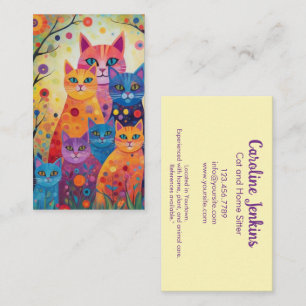 Carte De Visite Illustration abstraite de chats colorés fantaisist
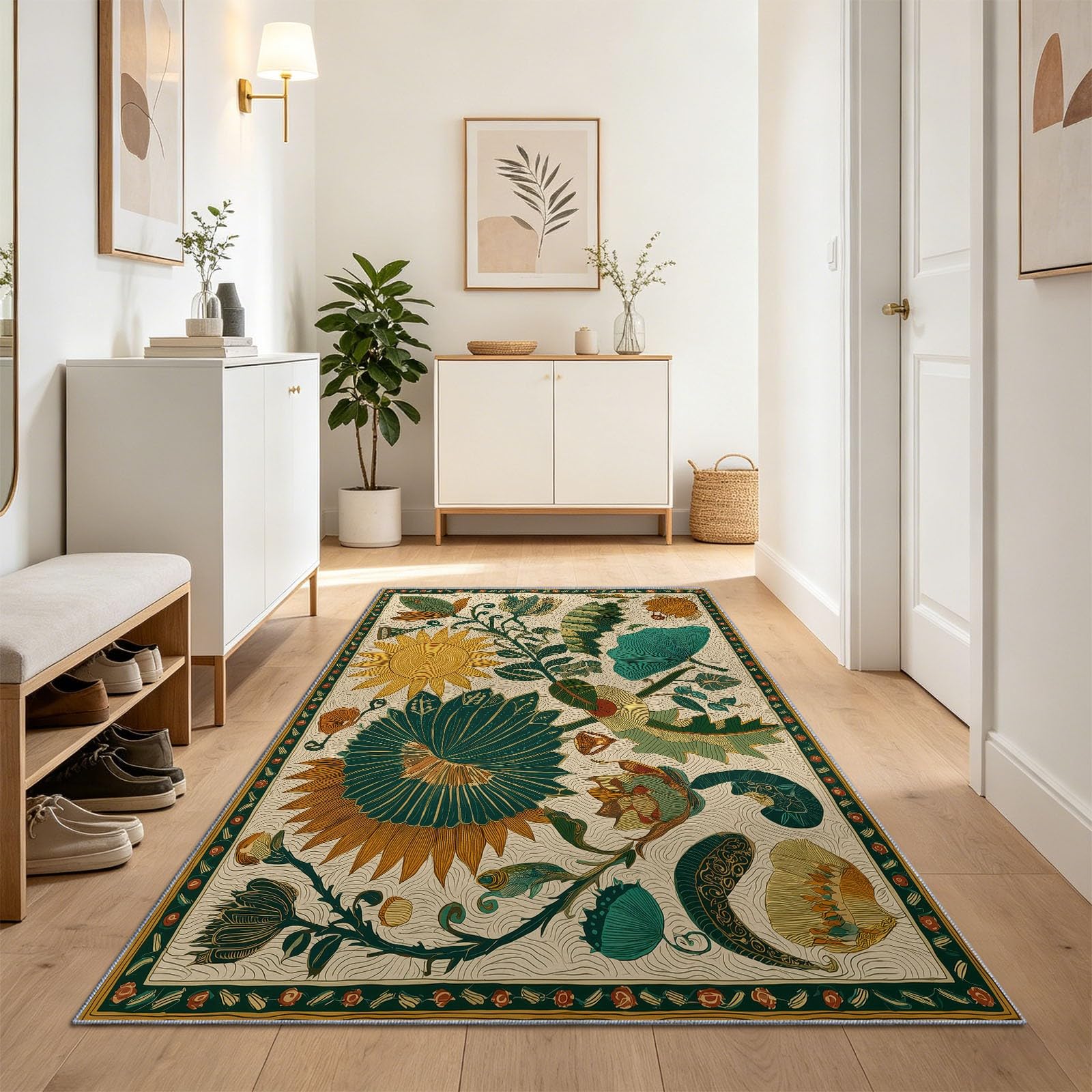 Tapis de salon doux lavable en machine blanc cassé à motif floral 60x180 cm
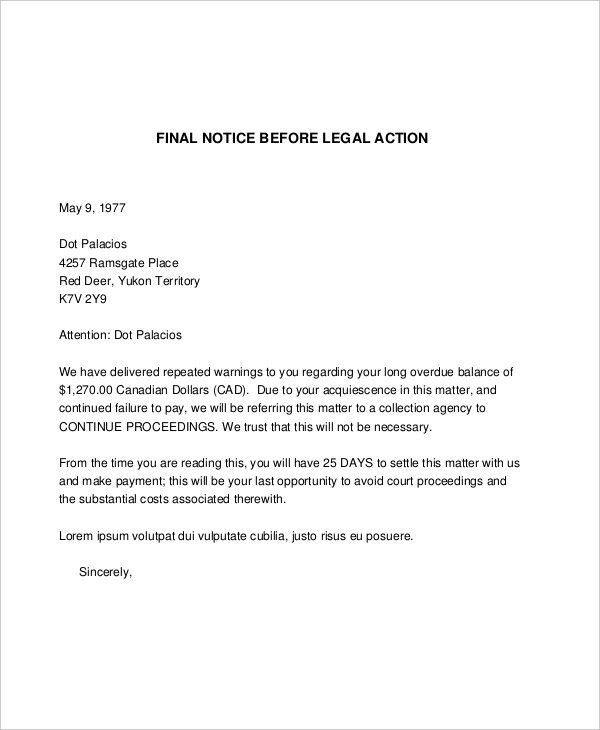 How To Write A Final Notice Letter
------------
* WHAT TO DO
A word-for-word restatement of all the lines above is needed, with the pictures omitted.

* ANSWER FOR THIS EXERCISE
 Carte De Visite Illustration abstraite de chats colorés fantaisist
 Tapis de salon doux lavable en machine blanc cassé à motif floral 60x180 cm
 How To Write A Final Notice Letter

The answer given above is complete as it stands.